# IMPORTANT SAFETY RECALL NOTICE-22-A pistols



## Waffen (Feb 8, 2006)

For those impacted.

Model 22A Pistols Safety Recall - Smith & Wesson

W


----------



## Redwolf (Nov 29, 2008)

Thanks for posting that.


----------



## DJ Niner (Oct 3, 2006)

That's worth a Sticky.


----------



## watsoncb (Jan 19, 2007)

*Thanks*

My S&W 22-A is in the serial number range. Thanks for the post!:smt023


----------



## SteveC (Apr 27, 2012)

Happy to say mine is not in the serial # range but the post is much appreciated.


----------



## acepilot (Dec 16, 2012)

I just picked one up yesterday that I bought last week from a pawn shop owner at a gun show. I had been aware of this recall, but forgot about. Of course, per my luck, mine is included in the recall. But, my luck is improving...when I picked it up at the pawn shop, I checked for the dimple under the slide and confirmed that mine had already been checked/fixed by S&W. Shot it yesterday and it worked like a dream. About 1.5 inches high at 15 feet. I'll check it at 25 yards and see how it is. Might be a fun rabbit plinker. :mrgreen:


----------



## OGCJason (Nov 4, 2013)

Rabbits, is that what you kids call 'em these days?


----------



## acepilot (Dec 16, 2012)

Well, my neighbor grows her own veggies and all the neighborhood rabbits know it. Drives her crazy. She loves when our cat gets one and drags it over to their deck. :anim_lol: I'd be more than willing to thin the herd. :smt1099


----------



## OGCJason (Nov 4, 2013)

I was making more of a thinly veiled joke on Democrats...oh well


----------



## Bari (Dec 21, 2013)

I'm not the smartest computer operator in the world so tell me how to see this recall??? I got on the S&W site listed and don't see anything about any recall. I'm missing something I'm sure.


----------



## acepilot (Dec 16, 2012)

Bari said:


> I'm not the smartest computer operator in the world so tell me how to see this recall??? I got on the S&W site listed and don't see anything about any recall. I'm missing something I'm sure.

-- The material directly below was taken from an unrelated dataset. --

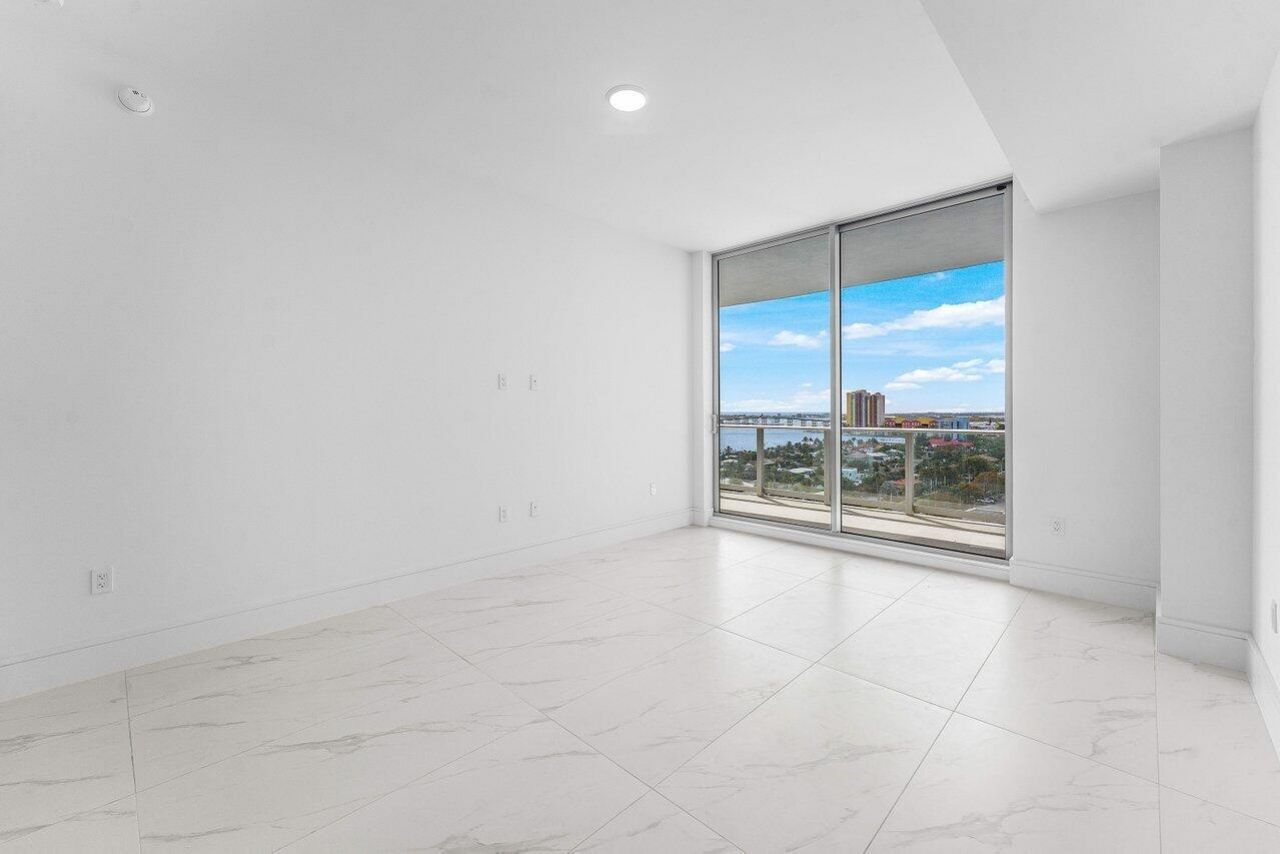 220 Lake Shore Drive, Unit 1415, Lake Park, FL 33403 Photo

It's near the upper left corner of their homepage, but to save you the trouble, here's the direct link:

Model 22A Pistols Safety Recall - Smith & Wesson

Ace


----------



## DJ Niner (Oct 3, 2006)

Bari said:


> I'm not the smartest computer operator in the world so tell me how to see this recall??? I got on the S&W site listed and don't see anything about any recall. I'm missing something I'm sure.


Sometimes the original link goes dead, or is changed. But luckily, another member has got it covered...



acepilot said:


> It's near the upper left corner of their homepage, but to save you the trouble, here's the direct link:
> 
> Model 22A Pistols Safety Recall - Smith & Wesson
> 
> Ace


Thanks, Ace! I'll update the first post with the new address to prevent any more problems (at least until they change it again...).


----------



## Bari (Dec 21, 2013)

Thanks Ace,
Luckly my 22A is not in with those serial numbers. Thanks again. Bari


----------